→ Work to be completed
As the answer, give exactly the lines of the records below from the one with "Slide of Dave's Discount Roofing" through the one with "A shallow wooden", ends included and pictures left out.

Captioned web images

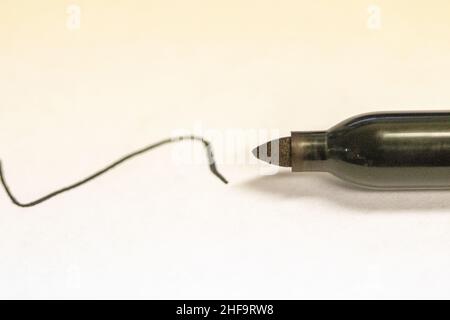 Permanent sharpie Marker close up written black line on white paper . High quality photo Stock Photo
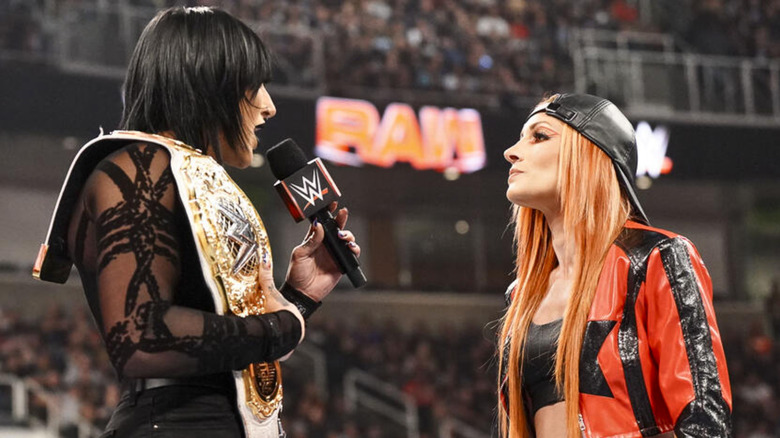 Rhea Ripley talking to Becky Lynch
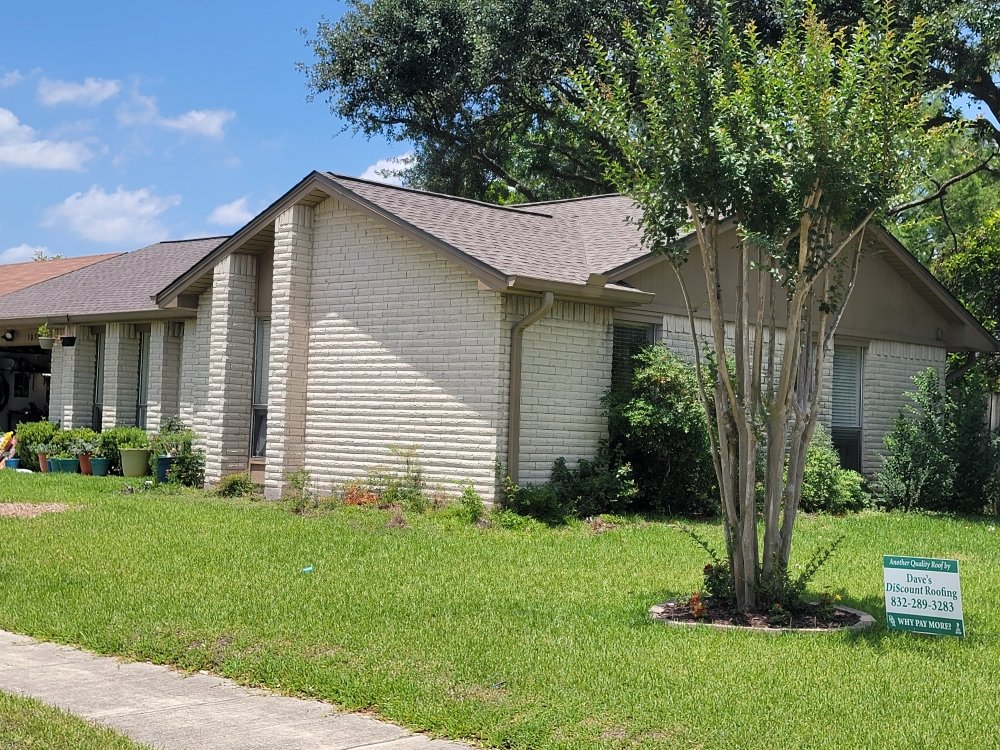 Slide of Dave's Discount Roofing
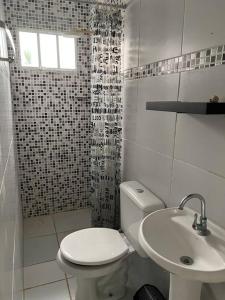 ein weißes Badezimmer mit Toilette und Waschbecken in der Unterkunft Casa Itamaracá in Itamaracá
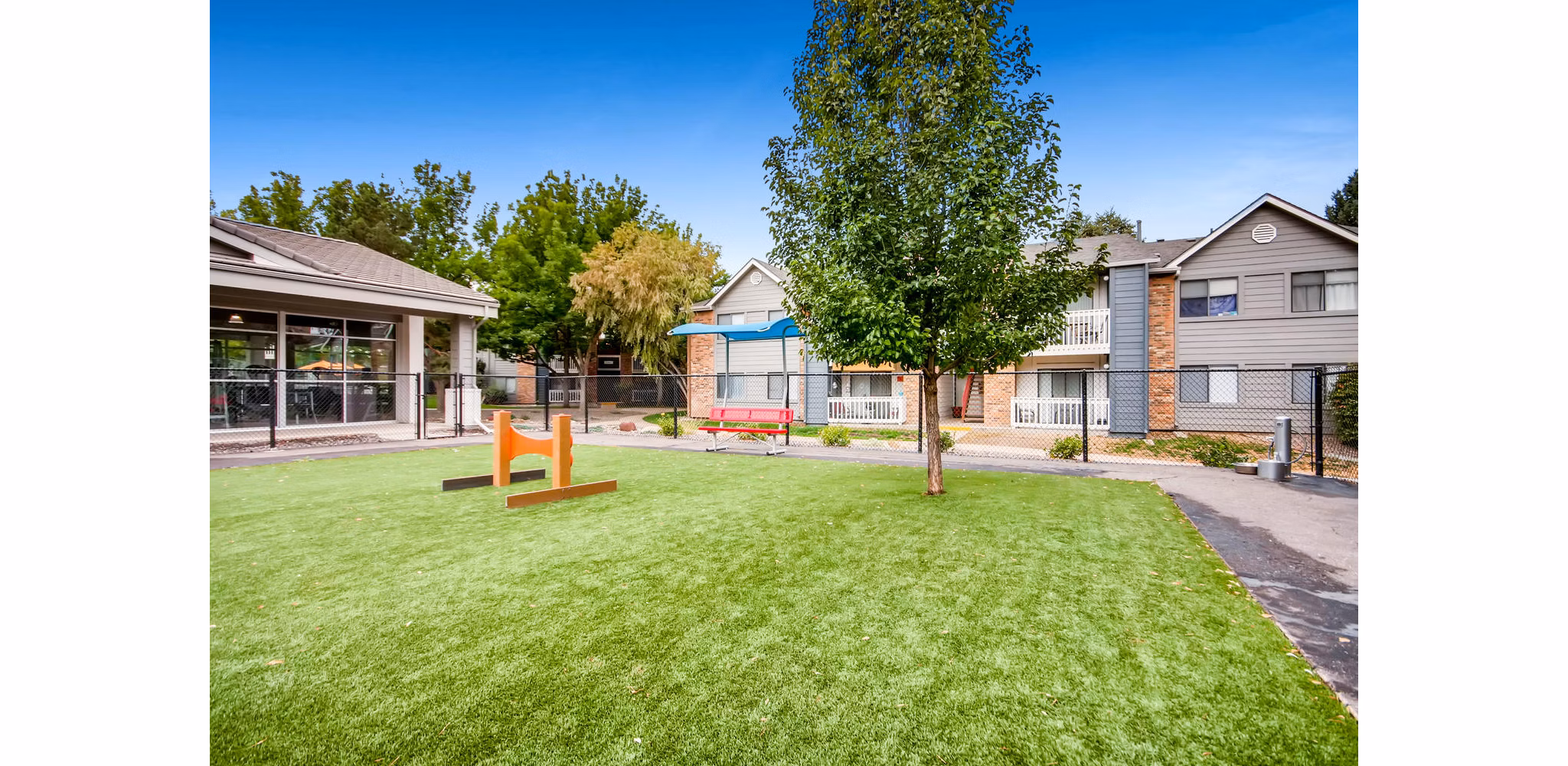 Off-leash dog park at Canyon Reserve at the Ranch Apartments, featuring agility equipment and shaded seating areas for pet owners
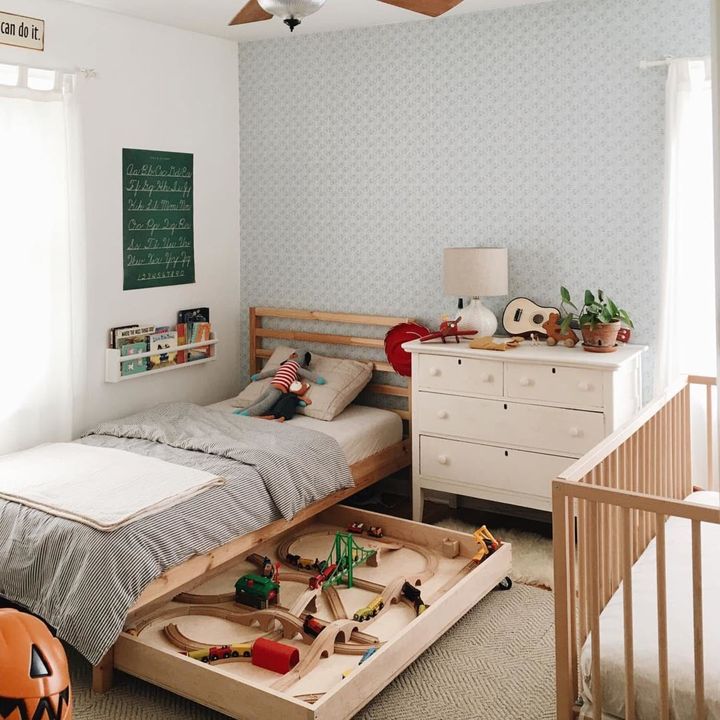 A shallow wooden tray of toy trains pulled out from beneath a bed.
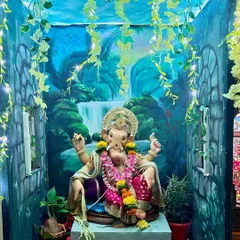 Even a small corner in a home can be transformed into a sacred space. Here, I painted a serene waterfall backdrop on manjarpat cloth and created a 360-degree jungle theme with painted walls and ceiling to welcome Ganpati.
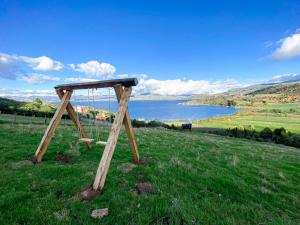 a wooden frame in a field with a lake at Monteverde in Tota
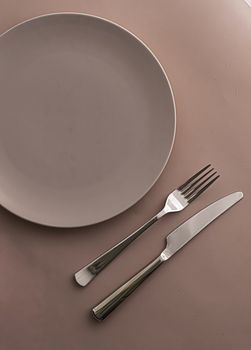 Empty plate and cutlery as mockup set on brown background, top tableware for chef table decor and menu branding design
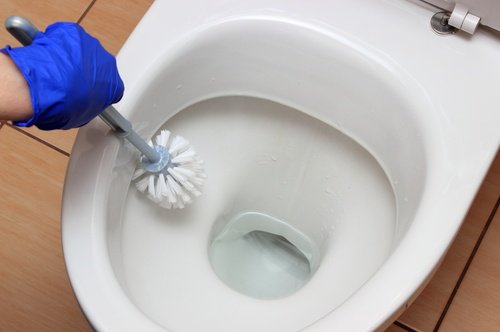 Person er i gang med at rengøre toilet med bagepulver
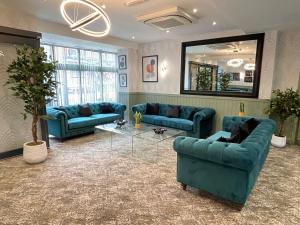 布莱克浦罗斯金酒店的客厅配有蓝色的沙发和镜子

→ Written solution
 Slide of Dave's Discount Roofing
 ein weißes Badezimmer mit Toilette und Waschbecken in der Unterkunft Casa Itamaracá in Itamaracá
 Off-leash dog park at Canyon Reserve at the Ranch Apartments, featuring agility equipment and shaded seating areas for pet owners
 A shallow wooden tray of toy trains pulled out from beneath a bed.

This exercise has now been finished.